▶ _Instructions to follow_: I need all of the entries printed exactly.

Records contained in a dataset
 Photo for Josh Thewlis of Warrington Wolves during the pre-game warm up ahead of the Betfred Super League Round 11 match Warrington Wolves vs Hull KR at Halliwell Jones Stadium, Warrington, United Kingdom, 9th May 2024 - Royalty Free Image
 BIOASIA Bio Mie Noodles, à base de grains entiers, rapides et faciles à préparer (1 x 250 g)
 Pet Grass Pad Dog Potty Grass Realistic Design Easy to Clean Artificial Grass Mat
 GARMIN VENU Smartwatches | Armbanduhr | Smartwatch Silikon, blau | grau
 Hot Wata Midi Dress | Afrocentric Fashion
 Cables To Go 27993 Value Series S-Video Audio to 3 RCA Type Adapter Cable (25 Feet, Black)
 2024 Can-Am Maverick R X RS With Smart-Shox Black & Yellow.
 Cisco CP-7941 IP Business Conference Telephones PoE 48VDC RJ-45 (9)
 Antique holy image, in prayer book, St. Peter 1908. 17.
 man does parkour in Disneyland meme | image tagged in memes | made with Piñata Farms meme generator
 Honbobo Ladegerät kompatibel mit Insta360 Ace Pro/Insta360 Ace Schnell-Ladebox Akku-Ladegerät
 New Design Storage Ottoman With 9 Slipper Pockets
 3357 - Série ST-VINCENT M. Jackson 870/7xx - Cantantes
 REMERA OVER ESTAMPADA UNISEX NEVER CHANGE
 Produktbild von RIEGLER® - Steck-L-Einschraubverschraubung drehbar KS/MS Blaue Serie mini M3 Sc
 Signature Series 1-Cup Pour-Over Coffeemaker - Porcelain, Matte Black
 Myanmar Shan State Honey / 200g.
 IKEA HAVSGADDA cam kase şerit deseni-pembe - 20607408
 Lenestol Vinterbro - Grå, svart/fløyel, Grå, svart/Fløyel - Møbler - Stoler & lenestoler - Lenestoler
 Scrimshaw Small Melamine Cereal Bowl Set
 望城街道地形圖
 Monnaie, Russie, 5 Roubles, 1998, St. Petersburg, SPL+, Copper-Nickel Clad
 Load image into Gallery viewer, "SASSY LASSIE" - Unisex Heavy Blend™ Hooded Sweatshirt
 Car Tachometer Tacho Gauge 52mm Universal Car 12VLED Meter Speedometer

▶ _Expected answer_:
 Photo for Josh Thewlis of Warrington Wolves during the pre-game warm up ahead of the Betfred Super League Round 11 match Warrington Wolves vs Hull KR at Halliwell Jones Stadium, Warrington, United Kingdom, 9th May 2024 - Royalty Free Image
 BIOASIA Bio Mie Noodles, à base de grains entiers, rapides et faciles à préparer (1 x 250 g)
 Pet Grass Pad Dog Potty Grass Realistic Design Easy to Clean Artificial Grass Mat
 GARMIN VENU Smartwatches | Armbanduhr | Smartwatch Silikon, blau | grau
 Hot Wata Midi Dress | Afrocentric Fashion
 Cables To Go 27993 Value Series S-Video Audio to 3 RCA Type Adapter Cable (25 Feet, Black)
 2024 Can-Am Maverick R X RS With Smart-Shox Black & Yellow.
 Cisco CP-7941 IP Business Conference Telephones PoE 48VDC RJ-45 (9)
 Antique holy image, in prayer book, St. Peter 1908. 17.
 man does parkour in Disneyland meme | image tagged in memes | made with Piñata Farms meme generator
 Honbobo Ladegerät kompatibel mit Insta360 Ace Pro/Insta360 Ace Schnell-Ladebox Akku-Ladegerät
 New Design Storage Ottoman With 9 Slipper Pockets
 3357 - Série ST-VINCENT M. Jackson 870/7xx - Cantantes
 REMERA OVER ESTAMPADA UNISEX NEVER CHANGE
 Produktbild von RIEGLER® - Steck-L-Einschraubverschraubung drehbar KS/MS Blaue Serie mini M3 Sc
 Signature Series 1-Cup Pour-Over Coffeemaker - Porcelain, Matte Black
 Myanmar Shan State Honey / 200g.
 IKEA HAVSGADDA cam kase şerit deseni-pembe - 20607408
 Lenestol Vinterbro - Grå, svart/fløyel, Grå, svart/Fløyel - Møbler - Stoler & lenestoler - Lenestoler
 Scrimshaw Small Melamine Cereal Bowl Set
 望城街道地形圖
 Monnaie, Russie, 5 Roubles, 1998, St. Petersburg, SPL+, Copper-Nickel Clad
 Load image into Gallery viewer, "SASSY LASSIE" - Unisex Heavy Blend™ Hooded Sweatshirt
 Car Tachometer Tacho Gauge 52mm Universal Car 12VLED Meter Speedometer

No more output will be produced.